Recently, technologies for manufacturing MOS (Metal Oxide Semiconductor) devices have rapidly developed, so that small-sized, high-performance MOS devices can be obtained. In order to achieve such small-sized, high-performance MOS devices, the technologies relating to the thickness of the gate oxide layer, the source/drain regions, and the channel region must be improved.
Because MOS transistors are highly integrated, a short channel effect (SCE) occurs. In order to suppress the short channel effect, the thickness of the gate oxide layer must be small. In addition, the source/drain regions must be formed with shallow junctions to reduce a charge sharing effect. In addition, in order to suppress the short channel effect of the MOS transistor, a retrograde ion implanting process or a halo ion implanting process may be performed to change the doping profile of the channel.
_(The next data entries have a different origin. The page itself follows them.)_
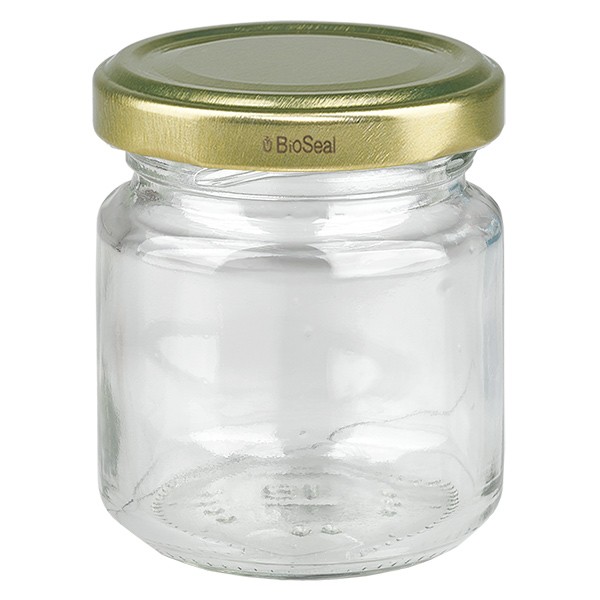 53ml pot rond avec couvercle BioSeal or UNiTWIST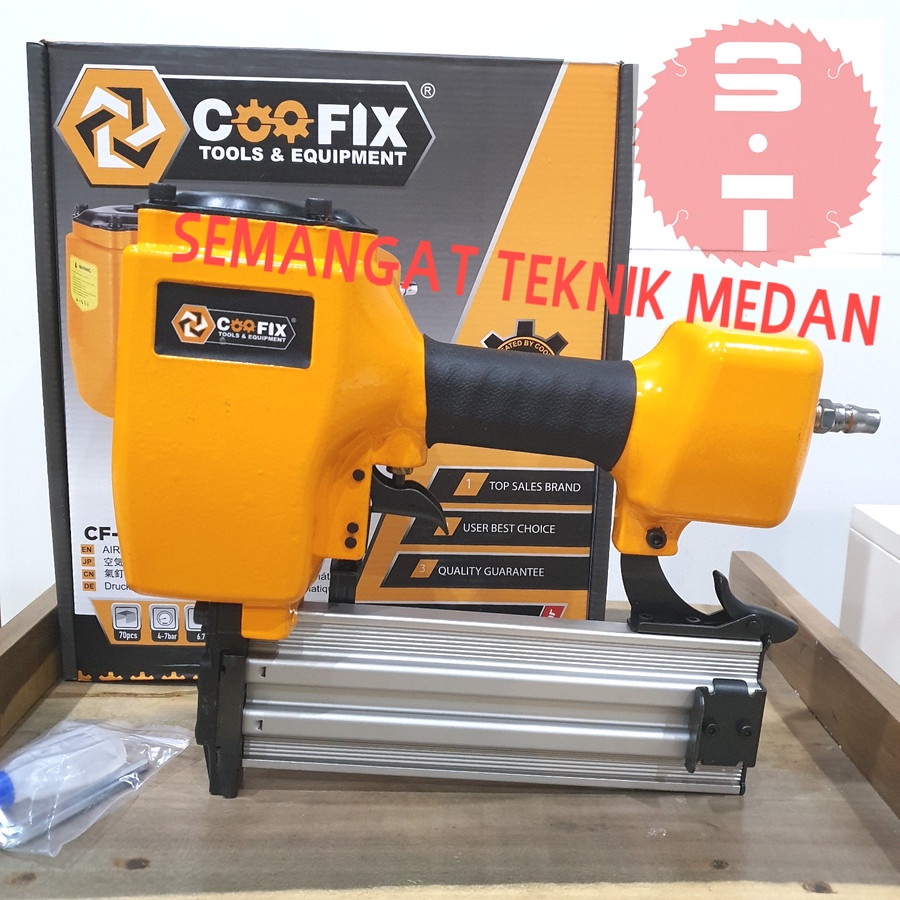 

AIR NAILER GUN STAPLES ANGIN TEMBOK ST64 ST 64 50mm COOFIX CF-NG003
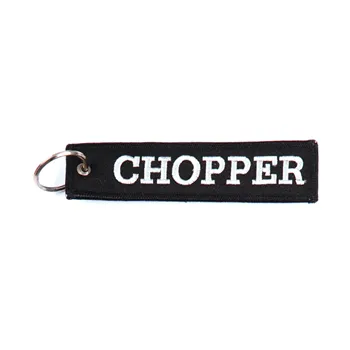 cafe 4 racer - Chopper keychain black - Army Surplus Key Fobs 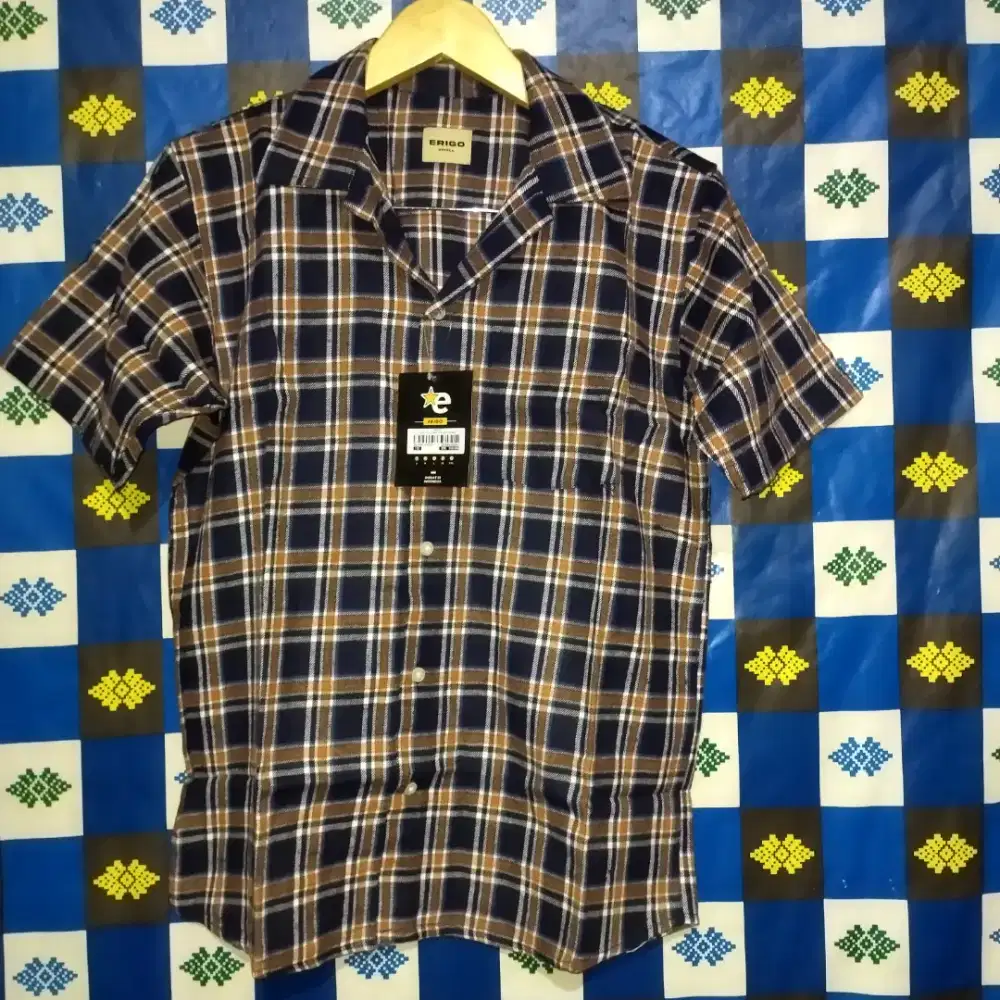 Kemeja erigo short sleeve flanel frigg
A prior art method of manufacturing a conventional MOS transistor will now be described with reference to FIGS. 1A to 1D. Referring to FIG. 1A, an active region where a MOS transistor is to be formed is defined by forming isolation layers 110 in an n-type semiconductor substrate 100. (Alternatively, instead of the n-type semiconductor substrate 100, a p-type semiconductor substrate may be used. In such an approach, an n-type well region is formed in the p-type semiconductor substrate). Next, a gate insulating layer 120 and a gate 130 are sequentially formed on the active region of the substrate 100. The active region under the gate 130 serves as a channel region.
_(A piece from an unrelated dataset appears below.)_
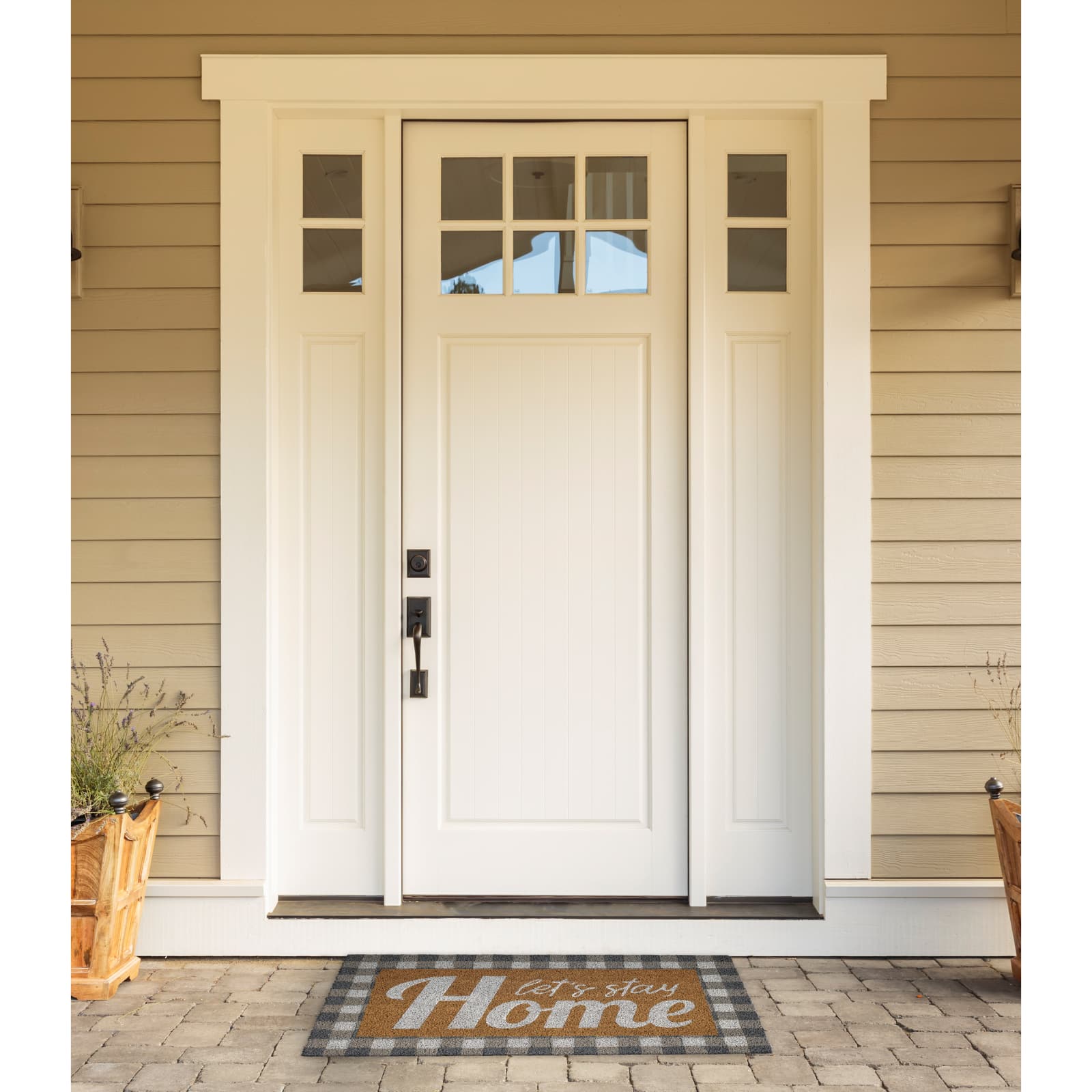Let's Stay Home Doormat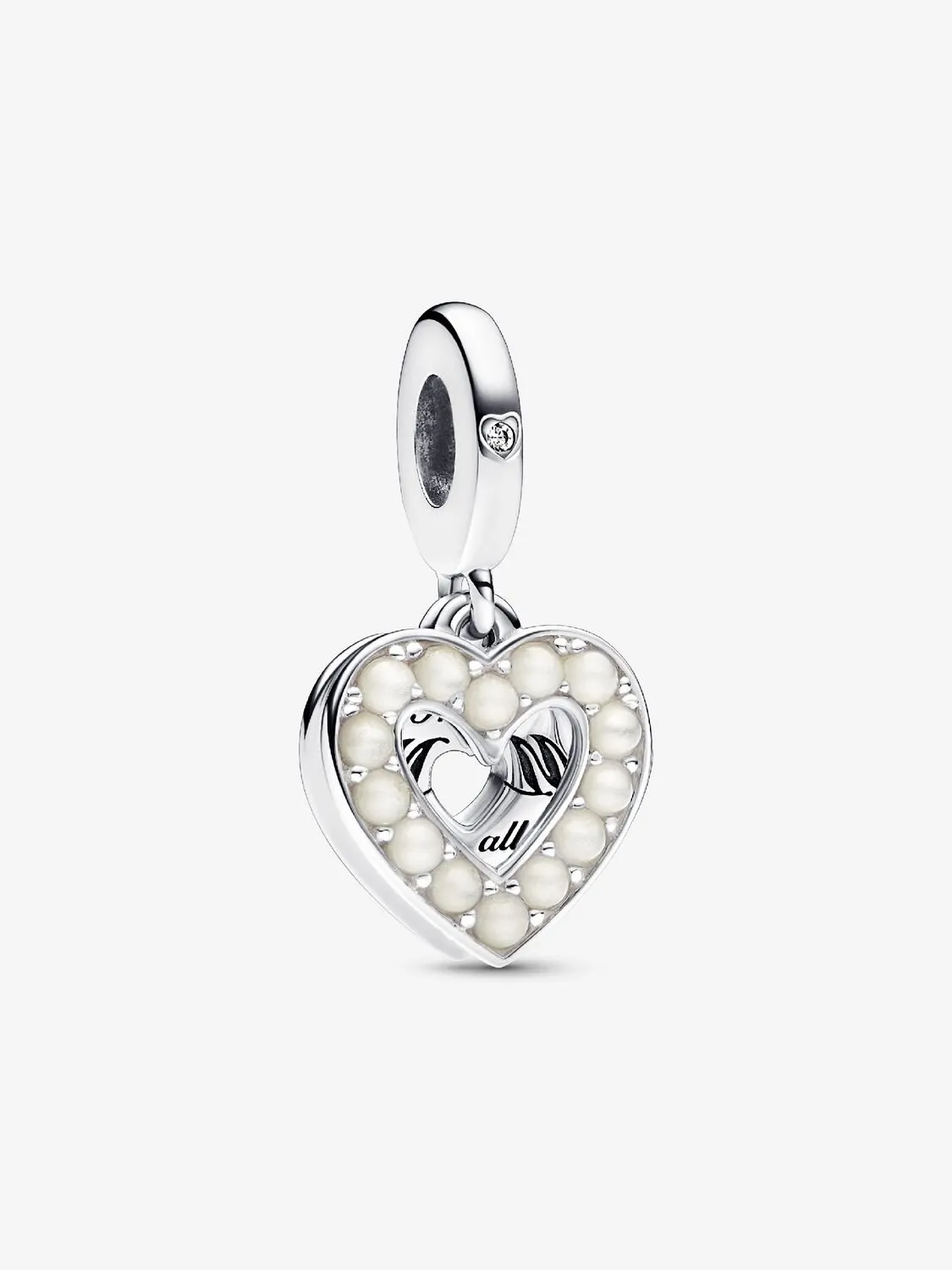 Amour - Coeur & Nacre - Argent - Charms - Pandora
Referring to FIG. 1B, a first ion implanting process is performed to form lightly doped drain (LDD) regions 141a, 141b within the substrate 100 on opposite sides of the gate 130. The first implanting process is performed by implanting p-type impurity ions of low concentration 141 (e.g., boron (B) or BF2 ions) in the vertical direction with respect to the substrate 100. Although not shown in the figure, an ion implanting buffer layer may be formed on a surface of the substrate 100 prior to performing the first ion implanting process.
Referring to FIG. 1C, in order to reduce the short channel effect, a second ion implanting process is performed to form halo regions 142a, 142b in contact with the LDD regions 141a, 141b within the substrate 100. The halo regions 142a, 142b are formed inwardly of the LDD regions 141a, 141b by implanting n-type impurity ions 142 (e.g., arsenic (As) ions) in a tilted direction with respect to the substrate 100.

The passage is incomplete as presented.